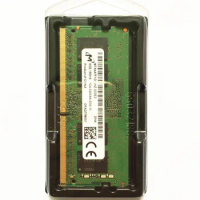 Micron ddr4 rams 8gb 3200mhz laptop memory 8GB 1RX16 PC4-3200AA-SC0-11 DDR4 3200 8GB LAPTOP RAMS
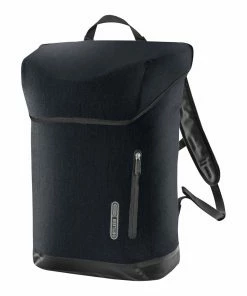 Ortlieb Soulo 25L Rucksack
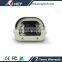4 IN 1 JYR-6091DHY-2.0MP/A 2-Megapixel Outdoor Weather Proof Bullet IP cctv Camera set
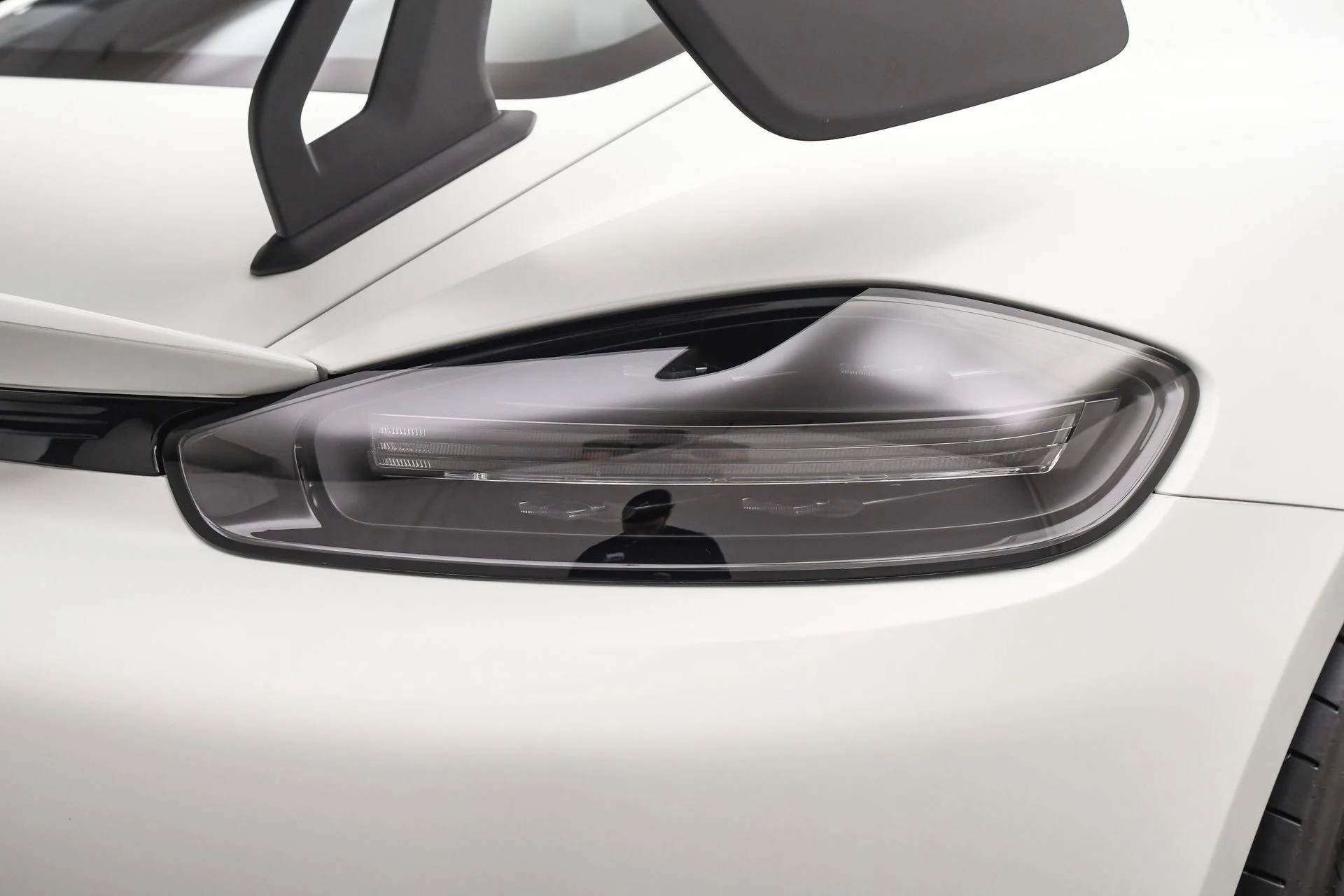 mph024_3166104_4d03dbe3b6be467280ad4b4ece92af23_15d3690711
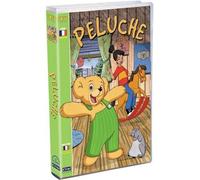 Peluche L'integrale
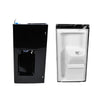 Samsung Part# DA91-03040B Door Foam Assembly (OEM) Left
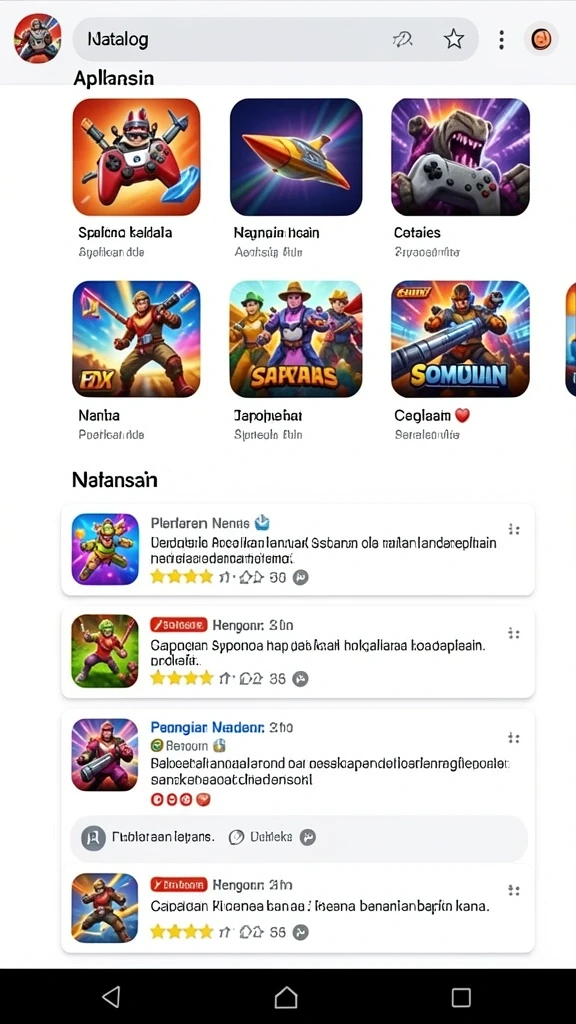 mahjong222 - Kompetisi real-time yang mendebarkan.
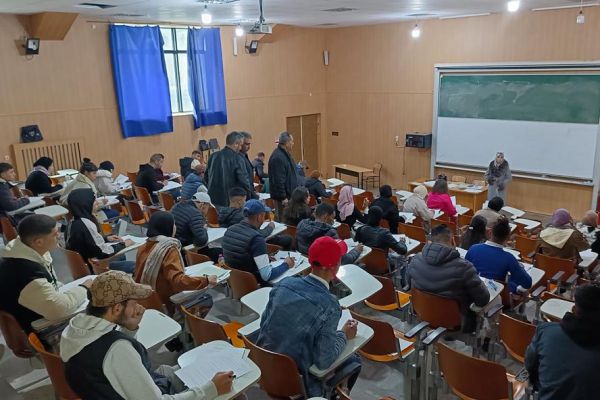 examen-janv-101F36CFC-9C37-A2DD-D0E4-8D79F5C32820.jpg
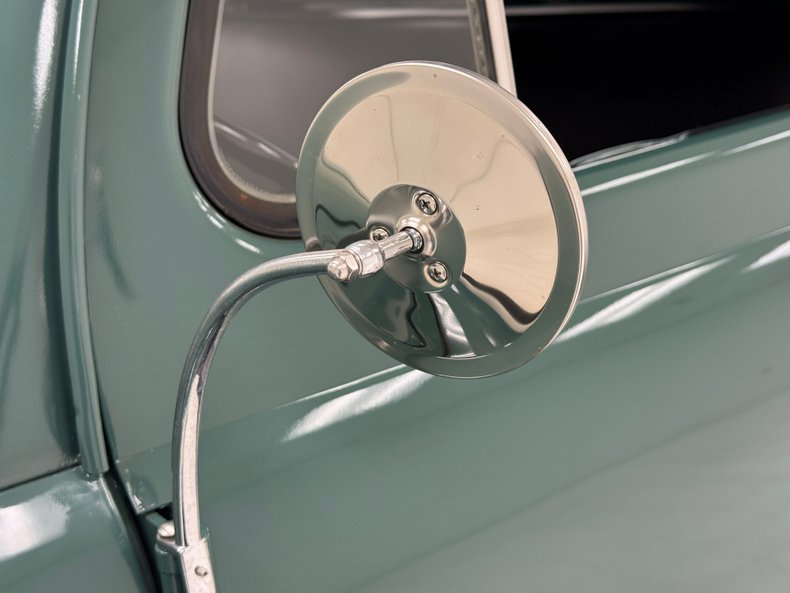 Ford-F4-1950-Glade-Green-Black-15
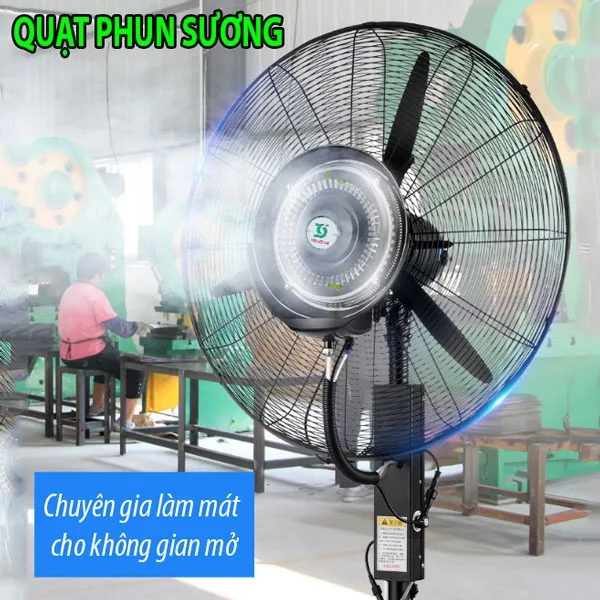 sanphamcongnghiep.vn
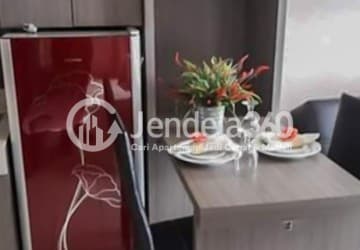 dining-room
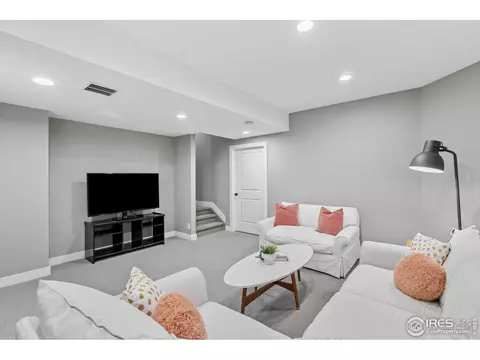 8146 E 53rd Dr, Denver, CO 80238 photo 24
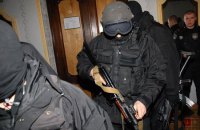 Предатели Украины больше не служат в "Альфе", - начальник спецподразделеня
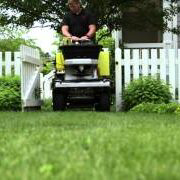 Akron Canton Lawn Care logo, Akron Canton Lawn Care contact details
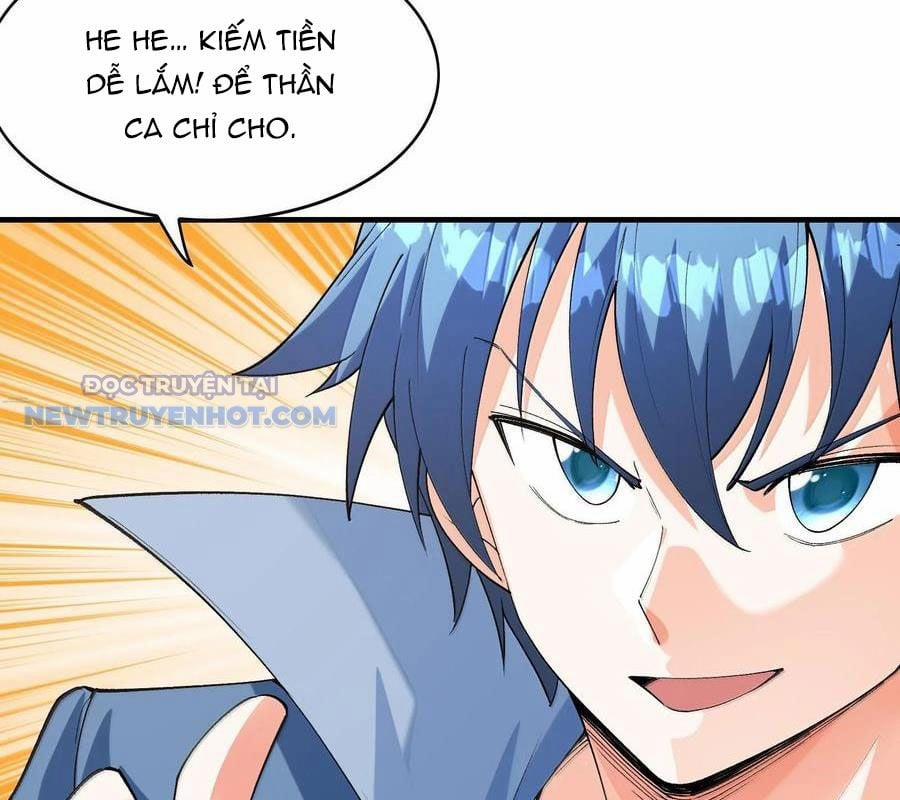 Hậu Cung Của Ta Toàn Là Ma Nữ Phản Diện 154 trang 85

..........

--- YOUR OBJECTIVE ---
Transcribe the opening line of the listing above, please, and every line after it through the line with "mahjong222 - Kompetisi", word for word, without pictures.

--- WRITTEN RESPONSE ---
 Micron ddr4 rams 8gb 3200mhz laptop memory 8GB 1RX16 PC4-3200AA-SC0-11 DDR4 3200 8GB LAPTOP RAMS
 Ortlieb Soulo 25L Rucksack
4 IN 1 JYR-6091DHY-2.0MP/A 2-Megapixel Outdoor Weather Proof Bullet IP cctv Camera set
 mph024_3166104_4d03dbe3b6be467280ad4b4ece92af23_15d3690711
 Peluche L'integrale
 Samsung Part# DA91-03040B Door Foam Assembly (OEM) Left
 mahjong222 - Kompetisi real-time yang mendebarkan.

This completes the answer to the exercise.